Piszę o tym, oszczędzając streszczenia fabuły czytelnikom o słabych nerwach, gdyż przypomina ona nieco bardziej wynaturzoną wersję telenoweli brazylijskiej z do bólu zębów przewidywanymi zwrotami (a może trafniej – zgrzytami) akcji. Seks z multiplikowanym zestawem genetycznym zwierzęco-ludzkim , bo tym w końcu jest Dren, nie jest najgorszym z pomysłów, na które wpadli scenarzyści.
Ale tu zaczyna się obrona „Istoty”. Choć fabuła jest schematyczna na poziomie, jakiego powstydziłby się każdy film akcji klasy B, to jednak jest, moim zdaniem, zamierzona. Rzeczy dzieją się po utartym kole filmowej historii, tak jak zawsze wydarzają się w większości patologicznych rodzin. Mamy więc zachwyt nad „dzieckiem” i podejmowane nieudolnie próby wychowawcze, mamy zniechęcenie potomkiem, kompleks Elektry, kazirodztwo, przemoc, wreszcie śmierć i zemstę. Jednocześnie, rzeczy nie biorą się znikąd. Natali pokazuje jak nieodpowiedzialnym gatunkiem jesteśmy – chcemy panować nad drugą istotą, a nie potrafimy poradzić sobie z własnymi demonami, powielamy wychowawcze błędy naszych rodziców i dodajemy do tego własne fobie, perwersje i obsesje.

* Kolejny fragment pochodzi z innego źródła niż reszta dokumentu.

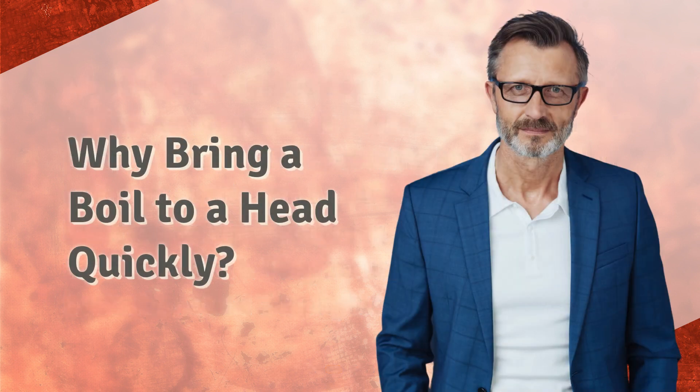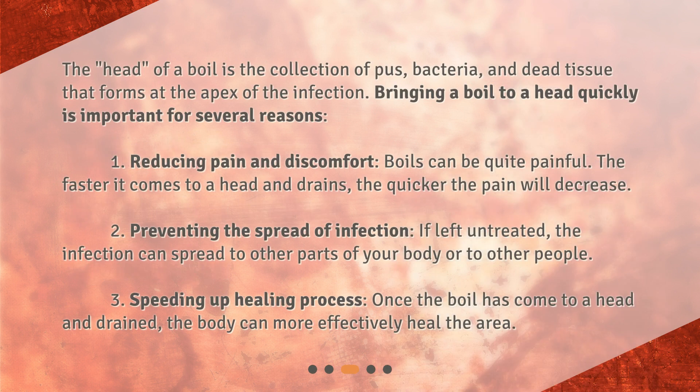Why bring a boil to a head quickly? The head of a boil is the collection of pus, bacteria, and dead tissue that forms at the apex of the infection. Bringing a boil to a head quickly is important for several reasons: one, reducing pain and discomfort — the faster it comes to a head and drains, the quicker the pain will decrease; two, preventing the spread of infection — if left untreated, the infection can spread to other parts of your body or to other people; three, speeding up the healing process — once the boil has come to a head and drained, the body can more effectively heal the area.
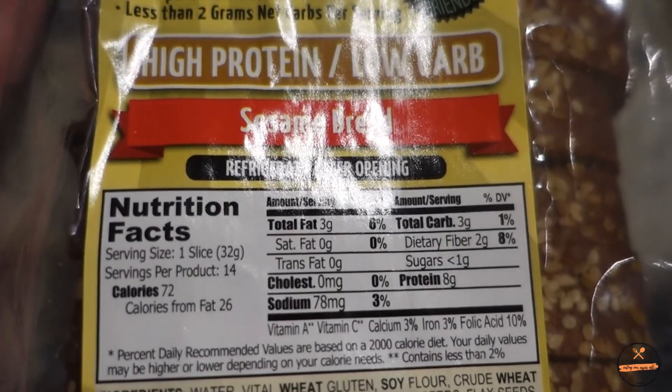I love Sola bread — about three to six carbs per slice — but we found this low-carb high-protein bread that's only one gram of carbs per slice. It's probably dirty keto, not the cleanest ingredients, but one gram of carbs per slice is hard to argue with. It is more expensive than Sola, but I'm going to try some sandwiches this week since even two slices is still fewer carbs than one slice of Sola.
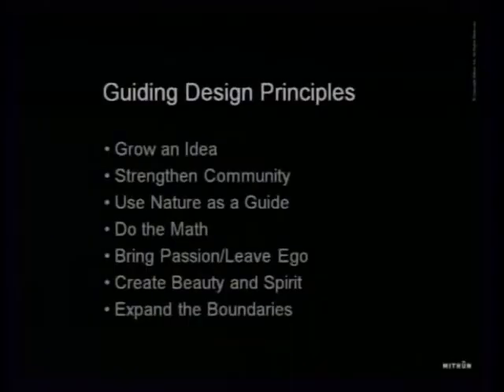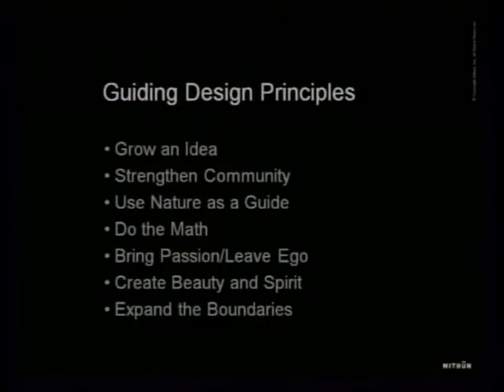The first principle is about growing an idea — making sure our work is conceptually driven. The genesis of any idea is a concept that can be rooted in community, environment, sense of place, or ideally all of those things. Strengthening community is an important part of all the work we do — through the projects we choose and their implementation, from urban design scale down to the individual building. Using nature as a guide means listening to the land and natural forces to shape our designs.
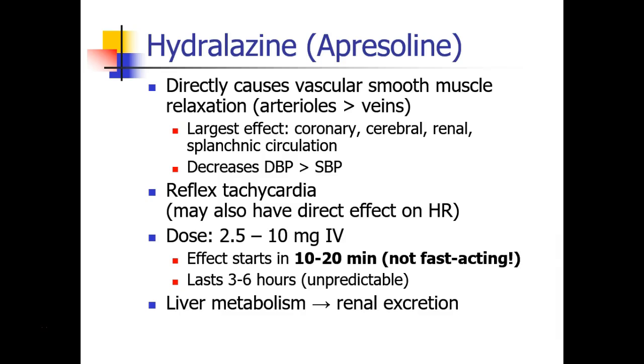Another drug that's very common in our practice is hydralazine. Hydralazine is a direct vascular smooth muscle relaxer — it works on arterioles more than veins, and through mechanisms that are not fully understood, it's a direct vasodilator. It has its effect especially in the coronary, cerebral, renal, and splanchnic circulation, and has a particularly strong effect on diastolic blood pressure, although it will certainly decrease systolic blood pressure as well. Since it's a pure vasodilator, we expect patients will have some reflex tachycardia from hydralazine, so while labetalol decreases blood pressure and heart rate, hydralazine decreases blood pressure but the heart rate will increase reflexively. There may be some direct impact on heart rate as well.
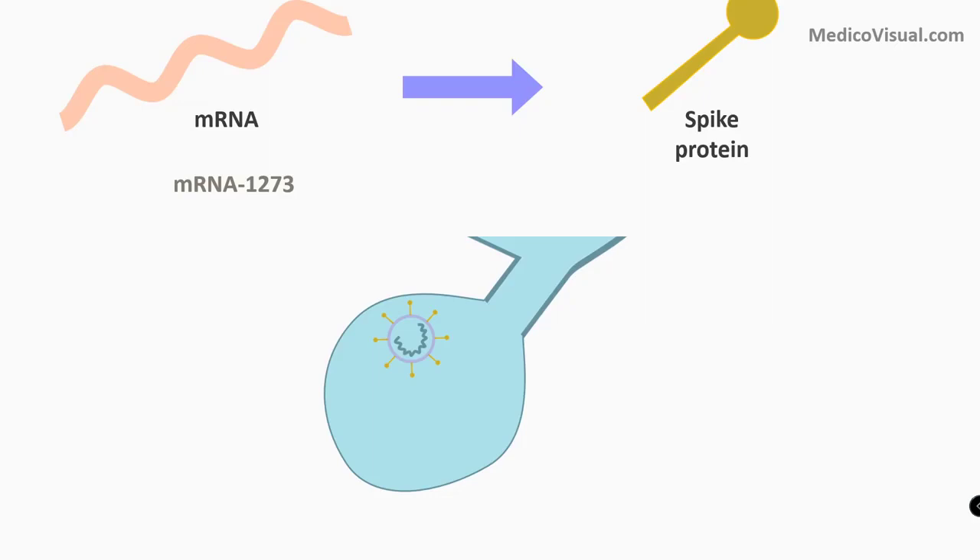As discussed in a prior lecture on the replicative cycle of coronavirus, here is the coronavirus and its S protein. Through its S protein, it will bind with the ACE2 receptor of alveolar type 2 pneumocytes, leading to fusion of the viral envelope with the cell membrane, causing infection. With this vaccine, we target this step. Today we will discuss how this mRNA vaccine works. Hello, I am Dr. Azaz from medicovisual.com. Welcome to this visual lecture.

Twórcy „Istoty” stawiają przed nami osobliwe lustro – niby nic tam z siebie nie widzimy, jedynie grożą nam palcem, żebyśmy nie bawili się w Boga, bo nam samym daleko do doskonałości. A jednak widok przeraża.
* Katarzyna Kazimierowska, redaktorka kwartalnika „Res Publica Nowa”. Stale współpracuje z „Kulturą Liberalną”.
„Kultura Liberalna” nr 80 (30/2010) z 20 lipca 2010 r.